Today the House of Representatives will send a strong message to America (er, rather, to their campaign contributors): It will still be business as usual at the Pentagon, and insane profits made from taxpayer dollars will still be up for grabs.
This afternoon, the House will vote on two bills that together would increase Pentagon spending beyond what it requested and prohibit the Pentagon from reshaping the military to meet 21st Century threats, which is necessary to make us safer, stronger, and support the troops.
The National Security and Job Protection Act, introduced by Rep. Allen West (R-Fla.), is a proposal to eliminate sequestration, the congressional mechanism to automatically reduce government spending by more than $1 trillion. While West’s bill doesn’t say precisely how sequestration should be replaced, it takes Pentagon spending off the table.
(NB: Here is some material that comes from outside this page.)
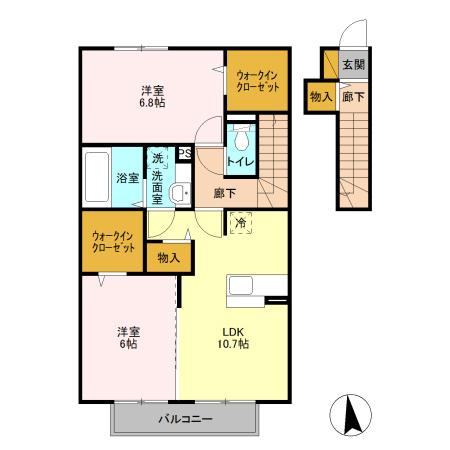 ルーチェ Bの間取り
The bill explicitly prohibits “reductions to direct spending for the defense function.”
The other bill, a Continuing Resolution (CR), not only kicks the out-of-control spending can down the road another six months (safely past the elections), but also increases Pentagon funding by .612 percent. While this might seem like a miniscule amount, because the Pentagon’s budget is more than half a trillion dollars, this equates to a spending increase of more than $3 billion. Fiscal responsibility? Anyone?
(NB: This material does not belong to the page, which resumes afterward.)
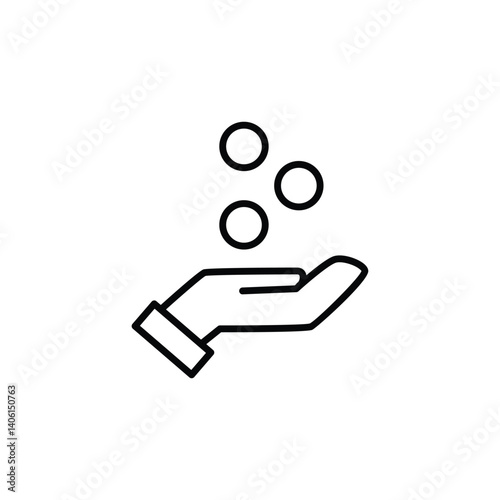 salary outline icon vector design good for web or mobile app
Of course, neither bill does anything to rein in runaway spending at the Pentagon. In fact, the CR would force the DoD to keep equipment it says it doesn’t need. The bill explicitly says the Air Force cannot “retire, divest, realign, or transfer aircraft,” and that the Army cannot retire the C-23 Sherpa aircraft it reportedly no longer needs.
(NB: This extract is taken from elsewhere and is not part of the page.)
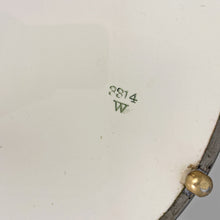 Load image into Gallery viewer, Tray with flowers in ceramic and metal, 1920s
Not only are the bills laden with pork, they are also filled with half-truths as scare tactics. For example, West’s bill, citing an analysis by the House Armed Services Committee, claims that if sequestration occurs, “200,000 soldiers and Marines [will be] separated from service.” However, the truth is that not a single soldier will be cut if sequestration occurs because military personnel have already been exempted from sequestration.
Both of these pieces of legislation are little more than political stunts. A vote for either is a vote against reducing wasteful government spending and for lining the pockets of the fat cats running their corporations on taxpayer dollars.
The sequestration threat was meant to force Congress to find ways to save taxpayer dollars throughout government—including at the Pentagon. Any member who votes for these bills today will reveal they have no intention of taking on wasteful spending. In the face of today’s economic and fiscal realities, Americans deserve better. We hope some lawmakers will stand up, vote NO, and call for a little sanity.
Ben Freeman is an investigator with the Project On Government Oversight.